Some works have already implemented convolutional neural networks to predict saliency on 3D meshes [14,15,16], usually based on the features extracted by neural networks designed and used for classification problems. These works have been trained either on a weakly supervised manner, or on datasets either obtained from more low-level geometric properties, or where participants were asked to manually select the interesting regions of the meshes [39, 40], instead of using real gaze information. Indeed, some of these meshes have also been used in other works [17, 18, 41] to study human viewing behavior when looking at different meshes under different conditions (e.g., material, point of view, room lighting). In our work, we aim to model real viewing behaviors, and thus we conduct an eye-tracking guided experiment to capture a dataset of real viewing behavior on 3D meshes to train our model.

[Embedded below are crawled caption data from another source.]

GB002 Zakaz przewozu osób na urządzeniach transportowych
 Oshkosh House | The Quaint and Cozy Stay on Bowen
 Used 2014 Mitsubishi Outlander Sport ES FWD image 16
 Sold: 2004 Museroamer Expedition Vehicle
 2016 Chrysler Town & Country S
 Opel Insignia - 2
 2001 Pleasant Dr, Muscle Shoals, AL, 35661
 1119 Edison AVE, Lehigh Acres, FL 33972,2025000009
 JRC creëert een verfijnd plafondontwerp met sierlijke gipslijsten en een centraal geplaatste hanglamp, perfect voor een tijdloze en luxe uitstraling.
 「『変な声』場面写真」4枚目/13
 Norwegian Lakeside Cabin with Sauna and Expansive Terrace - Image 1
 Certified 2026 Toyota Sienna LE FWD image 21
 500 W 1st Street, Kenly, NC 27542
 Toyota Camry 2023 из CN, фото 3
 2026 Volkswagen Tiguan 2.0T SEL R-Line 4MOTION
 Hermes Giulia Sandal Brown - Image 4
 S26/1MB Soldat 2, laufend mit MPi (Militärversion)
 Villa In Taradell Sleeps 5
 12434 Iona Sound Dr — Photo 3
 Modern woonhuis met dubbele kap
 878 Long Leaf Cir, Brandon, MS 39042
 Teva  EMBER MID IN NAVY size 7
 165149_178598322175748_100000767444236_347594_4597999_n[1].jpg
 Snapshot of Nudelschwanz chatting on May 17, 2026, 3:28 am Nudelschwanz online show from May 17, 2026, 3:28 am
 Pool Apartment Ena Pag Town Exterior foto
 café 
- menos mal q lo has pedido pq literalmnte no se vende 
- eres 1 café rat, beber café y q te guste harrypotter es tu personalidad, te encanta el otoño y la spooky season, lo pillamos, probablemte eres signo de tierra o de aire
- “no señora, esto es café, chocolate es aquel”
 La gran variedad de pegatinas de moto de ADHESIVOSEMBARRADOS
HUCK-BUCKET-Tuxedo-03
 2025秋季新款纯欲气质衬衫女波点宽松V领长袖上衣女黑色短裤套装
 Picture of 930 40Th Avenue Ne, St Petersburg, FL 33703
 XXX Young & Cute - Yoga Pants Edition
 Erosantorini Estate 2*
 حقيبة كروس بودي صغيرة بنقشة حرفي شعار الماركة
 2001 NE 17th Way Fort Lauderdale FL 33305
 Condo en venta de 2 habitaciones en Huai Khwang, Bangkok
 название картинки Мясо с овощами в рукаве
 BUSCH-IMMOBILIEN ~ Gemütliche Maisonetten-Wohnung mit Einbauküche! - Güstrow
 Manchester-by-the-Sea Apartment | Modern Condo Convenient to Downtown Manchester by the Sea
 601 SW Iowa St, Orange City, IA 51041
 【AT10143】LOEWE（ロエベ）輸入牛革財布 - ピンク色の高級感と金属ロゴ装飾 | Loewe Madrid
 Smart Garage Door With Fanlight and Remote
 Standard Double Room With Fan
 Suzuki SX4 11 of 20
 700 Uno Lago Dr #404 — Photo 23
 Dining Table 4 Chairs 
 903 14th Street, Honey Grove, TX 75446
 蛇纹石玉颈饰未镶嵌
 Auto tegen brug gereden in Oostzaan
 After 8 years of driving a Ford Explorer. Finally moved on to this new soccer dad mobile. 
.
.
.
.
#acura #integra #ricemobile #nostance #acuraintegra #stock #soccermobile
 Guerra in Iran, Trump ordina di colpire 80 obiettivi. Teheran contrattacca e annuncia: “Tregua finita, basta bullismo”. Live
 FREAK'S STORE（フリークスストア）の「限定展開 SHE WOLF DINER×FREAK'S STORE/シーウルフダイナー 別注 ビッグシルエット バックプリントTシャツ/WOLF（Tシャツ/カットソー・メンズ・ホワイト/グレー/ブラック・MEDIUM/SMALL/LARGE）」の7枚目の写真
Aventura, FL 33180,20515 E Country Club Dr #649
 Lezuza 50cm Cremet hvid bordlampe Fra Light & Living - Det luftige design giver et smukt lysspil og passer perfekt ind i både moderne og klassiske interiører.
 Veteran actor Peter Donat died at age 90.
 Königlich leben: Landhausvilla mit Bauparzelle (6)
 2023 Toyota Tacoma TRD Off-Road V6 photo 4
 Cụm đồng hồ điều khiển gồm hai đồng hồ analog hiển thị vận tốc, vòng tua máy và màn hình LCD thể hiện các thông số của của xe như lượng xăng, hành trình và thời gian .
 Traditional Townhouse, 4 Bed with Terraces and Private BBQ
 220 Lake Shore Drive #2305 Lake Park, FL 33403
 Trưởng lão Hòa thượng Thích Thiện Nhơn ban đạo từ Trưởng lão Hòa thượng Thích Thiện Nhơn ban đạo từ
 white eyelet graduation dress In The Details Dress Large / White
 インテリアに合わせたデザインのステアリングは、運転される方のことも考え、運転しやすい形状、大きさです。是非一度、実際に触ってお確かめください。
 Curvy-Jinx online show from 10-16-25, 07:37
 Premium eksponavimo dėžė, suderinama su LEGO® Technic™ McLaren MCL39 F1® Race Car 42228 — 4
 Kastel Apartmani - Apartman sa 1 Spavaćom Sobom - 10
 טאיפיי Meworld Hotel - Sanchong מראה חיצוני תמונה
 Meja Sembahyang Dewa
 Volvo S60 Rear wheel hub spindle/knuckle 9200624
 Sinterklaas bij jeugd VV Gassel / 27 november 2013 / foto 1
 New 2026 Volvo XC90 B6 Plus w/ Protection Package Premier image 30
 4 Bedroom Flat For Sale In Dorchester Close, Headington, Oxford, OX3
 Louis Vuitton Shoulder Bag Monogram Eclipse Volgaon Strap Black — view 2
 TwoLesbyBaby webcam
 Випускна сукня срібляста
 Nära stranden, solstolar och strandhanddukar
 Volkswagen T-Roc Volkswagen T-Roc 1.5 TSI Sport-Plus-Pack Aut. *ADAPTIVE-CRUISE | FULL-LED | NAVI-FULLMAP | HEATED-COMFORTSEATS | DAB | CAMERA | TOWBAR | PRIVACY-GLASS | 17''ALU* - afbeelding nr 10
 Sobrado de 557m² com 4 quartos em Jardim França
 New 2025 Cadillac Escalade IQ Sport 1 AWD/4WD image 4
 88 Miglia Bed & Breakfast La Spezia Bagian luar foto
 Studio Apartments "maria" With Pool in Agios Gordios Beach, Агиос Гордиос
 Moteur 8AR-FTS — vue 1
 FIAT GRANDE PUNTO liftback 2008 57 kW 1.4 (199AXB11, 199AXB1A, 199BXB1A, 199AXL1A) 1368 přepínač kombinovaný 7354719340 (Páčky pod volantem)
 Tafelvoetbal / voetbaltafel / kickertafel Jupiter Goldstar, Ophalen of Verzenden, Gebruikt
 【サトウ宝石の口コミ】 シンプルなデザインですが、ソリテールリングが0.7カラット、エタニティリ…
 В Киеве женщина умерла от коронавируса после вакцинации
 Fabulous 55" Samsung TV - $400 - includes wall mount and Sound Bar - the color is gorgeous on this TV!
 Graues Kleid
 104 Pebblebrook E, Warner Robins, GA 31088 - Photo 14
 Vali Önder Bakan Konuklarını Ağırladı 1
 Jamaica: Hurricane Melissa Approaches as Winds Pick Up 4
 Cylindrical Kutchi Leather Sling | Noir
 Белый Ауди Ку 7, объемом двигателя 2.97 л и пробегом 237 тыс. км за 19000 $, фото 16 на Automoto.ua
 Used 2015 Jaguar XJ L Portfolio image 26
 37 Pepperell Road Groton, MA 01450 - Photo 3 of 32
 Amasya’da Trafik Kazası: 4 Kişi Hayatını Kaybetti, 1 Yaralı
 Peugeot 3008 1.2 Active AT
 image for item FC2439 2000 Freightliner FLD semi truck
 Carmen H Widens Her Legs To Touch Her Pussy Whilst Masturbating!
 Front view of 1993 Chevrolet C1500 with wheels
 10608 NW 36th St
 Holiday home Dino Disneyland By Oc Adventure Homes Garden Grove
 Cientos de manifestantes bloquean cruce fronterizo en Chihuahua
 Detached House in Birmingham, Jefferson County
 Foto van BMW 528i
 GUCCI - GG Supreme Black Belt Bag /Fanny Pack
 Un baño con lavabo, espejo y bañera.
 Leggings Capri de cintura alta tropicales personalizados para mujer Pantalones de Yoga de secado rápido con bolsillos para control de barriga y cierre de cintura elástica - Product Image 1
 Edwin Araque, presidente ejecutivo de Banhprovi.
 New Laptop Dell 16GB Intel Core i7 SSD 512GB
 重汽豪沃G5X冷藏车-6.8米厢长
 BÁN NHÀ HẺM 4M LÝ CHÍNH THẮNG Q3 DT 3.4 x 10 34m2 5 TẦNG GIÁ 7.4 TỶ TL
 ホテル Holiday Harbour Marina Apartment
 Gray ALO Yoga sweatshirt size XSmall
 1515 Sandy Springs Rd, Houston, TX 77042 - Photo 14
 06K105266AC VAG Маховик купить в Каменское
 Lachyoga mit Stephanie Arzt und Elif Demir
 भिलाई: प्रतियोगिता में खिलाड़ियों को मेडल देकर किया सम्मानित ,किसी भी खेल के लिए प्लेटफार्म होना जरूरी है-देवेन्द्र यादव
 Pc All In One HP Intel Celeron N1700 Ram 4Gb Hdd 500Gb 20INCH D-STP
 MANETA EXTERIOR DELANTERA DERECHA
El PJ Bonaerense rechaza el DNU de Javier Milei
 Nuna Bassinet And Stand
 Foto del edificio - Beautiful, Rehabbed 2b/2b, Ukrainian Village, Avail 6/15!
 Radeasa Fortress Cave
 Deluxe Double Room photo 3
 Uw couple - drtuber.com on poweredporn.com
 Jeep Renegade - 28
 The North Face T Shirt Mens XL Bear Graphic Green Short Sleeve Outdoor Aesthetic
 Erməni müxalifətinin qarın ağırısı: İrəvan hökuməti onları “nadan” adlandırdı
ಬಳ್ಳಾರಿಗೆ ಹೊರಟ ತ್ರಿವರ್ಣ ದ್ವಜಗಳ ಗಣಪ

3 A dataset of viewing behavior in 3D shapes

We aim at understanding viewing behavior in 3D shapes. Previous approaches have either gathered gaze data from 2D pictures depicting different perspectives of 3D models [18], or have used real, physical objects in rather constrained conditions [17]. Virtual reality poses itself as a better suited alternative, since it provides more natural interactions (e.g., stereo viewing and motion parallax) and simpler tools for designing and presenting 3D stimuli to viewers, allows for easier manipulations (e.g., rotating or moving) of such stimuli, and eases capturing attentional behaviors. Thus, we have resorted to VR to develop an experiment to collect head and gaze data from multiple viewers observing a larger set of 3D shapes than previous approaches.

Fig. 2
figure 2

Subset of the 3D meshes used during our experiment. We have collected several meshes from different open-source datasets (see Sect. 3.1), and have conducted a large experiment to gather gaze and head data from 32 different participants viewing those meshes

3.1 Stimuli

We have gathered a total of 58 different 3D meshes from different public databases (Aim@ShapeFootnote 1, TOSCAFootnote 2, SHREC 2007Footnote 3, Georgia Tech Models ArchiveFootnote 4, FREE3DFootnote 5, TurboSquidFootnote 6, CGTraderFootnote 7). They depict humans, animals and creatures, familiar objects, or mechanical parts, among others (see Fig. 2), and are all textureless. Once gathered, we have processed all of them to have the same size and orientation, following the work from Qi et al. [19]. In particular, we have centered and normalized all meshes to occupy a 2-by-2 meter cube. When presented to the participants, all shapes were uniformly colored in a neutral gray color with a light blue background, and with two identical light sources located above the users and slightly to the left and right, respectively [18].

Fig. 3
figure 3

Overview of our experimental setup. Each participant viewed each of the meshes for 22 s, while the mesh was rotating 360 degrees to ensure all parts of the mesh were actually disclosed. Each of such visualizations was transformed into a gaze map. Color encodes vertex-wise gaze time

3.2 Participants

A total of 32 participants took part in the experiment. Twenty-three of them identified as male, nine of them identified as female, and none of them identified as non-binary, not listed, or preferring not to disclose their gender, aged between 21 and 56. They voluntarily took part in the study and provided written consent. The participants were naïve to the final purpose of the experiment, and had normal or corrected-to-normal vision. Thirteen participants reported playing video games regularly, and 22 had used a virtual reality headset before. Our data collection procedure was approved by our local Ethics and Research Committee.

Fig. 4
figure 4

Our computed gaze maps (first and third row) are generally sparse, as in traditional media [29]. Therefore, and inspired by previous works, we apply a distance-based mean filter. Second and fourth row shows the result of applying this technique to their sparse counterpart. See Sect. 3.5 for additional details

3.3 Hardware

Our stimuli were presented on an HTC Vive Pro head-mounted display with a nominal field of view of \(110^{\circ }\), a resolution of 1440 \(\times \) 1600 pixels per eye (2880 \(\times \) 1600 pixels combined), and a frame rate of 90 frames per second. We installed in our headset a Pupil LabsFootnote 8 eye tracker to gather gaze information throughout the experiment. Our experimental setup contained two HTC Vive stations to additionally track participants’ head position during the experiment. Our whole procedure was designed using Unity.

3.4 Procedure

We divided our experiment in two different sessions. In the first session, participants were introduced the experiment, gave written consent, and filled a demographic and a pre-experiment sickness questionnaire. Then, they seated on a non-rotating chair, properly adjusted the HMD, and conducted an eye-tracking calibration process. When the calibration was completed successfully, the main experiment began.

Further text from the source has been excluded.